It’s summer; I want spicy, fast and refreshing. Shrimp tacos check all of those boxes. Spice from cayenne and sriracha, crunch and cool from the perfect slaw, and perfectly crispy-on-the-outside and tender-and-juicy on the inside shrimp wrapped in the comfortable carby-ness of a white flour tortilla. YUM.
Both the mayo and the slaw only involve dumping ingredients in a bowl and whisking. Do these first since letting them sit and the flavors meld together really improves the final product. The shrimp is a little messy with the flour, egg, panko dipping, but the effort is well worth the result. A short frying time and assembly and bam- the perfect meal to have with a beer on the deck.

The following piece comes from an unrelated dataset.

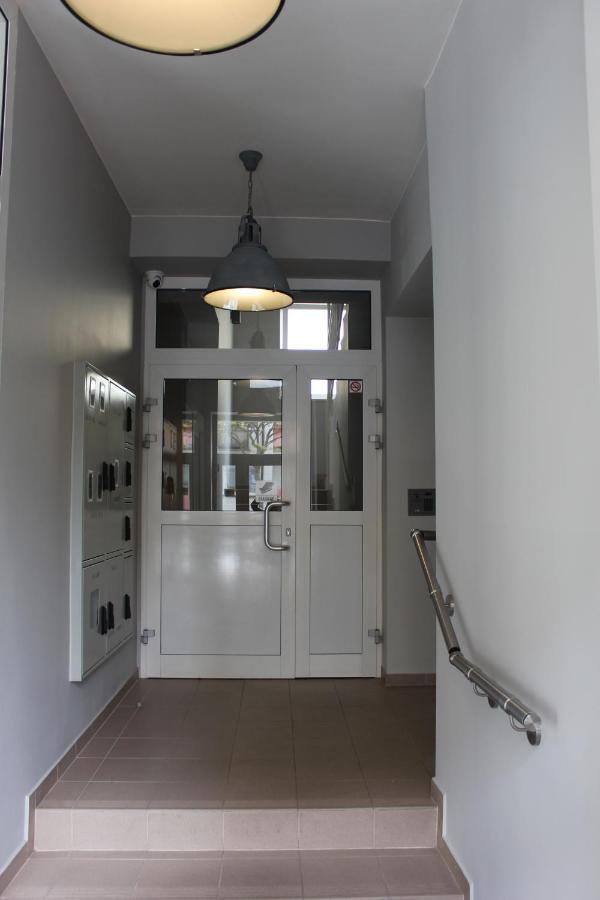 Apartament Wanda W Centrum Kolobrzegu Przy Starowce Exterior photo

1 pound peeled and deveined shrimp
6 flour tortillas
1 1/2 cups seasoned panko breadcrumbs
3 whisked eggs
3/4 cup flour
1 teaspoon salt
pepper to taste
vegetable oil for frying
2 cups coleslaw mix (red and green cabbage, carrot)
1/3 cup pickled red onion slices
3 tablespoons mayo
2 tablespoons lime juice
pinch cayenne pepper
1/2 teaspoon salt
1/2 cup mayo
2 tablespoons sriracha
In a bowl, whisk together the mayo and sriracha. Set aside until ready to use.
In another bowl, combine the coleslaw blend, mayo, lime juice, pickled onion, salt, pepper and cayenne. Toss well and set side until ready to use.
Put the breadcrumbs in a bowl, the whisked eggs in another bowl, and the flour, salt and pepper in a third and final bowl.
Heat a large skilled over medium heat with 1 inch of oil in the pan. Coat the shrimp with flour, egg then panko, and fry the shrimp about 2 minutes each side. Remove to a paper towel lined plate to rest.
In the flour tortilla, place the shrimp, slaw, and sriracha mayo. Devour!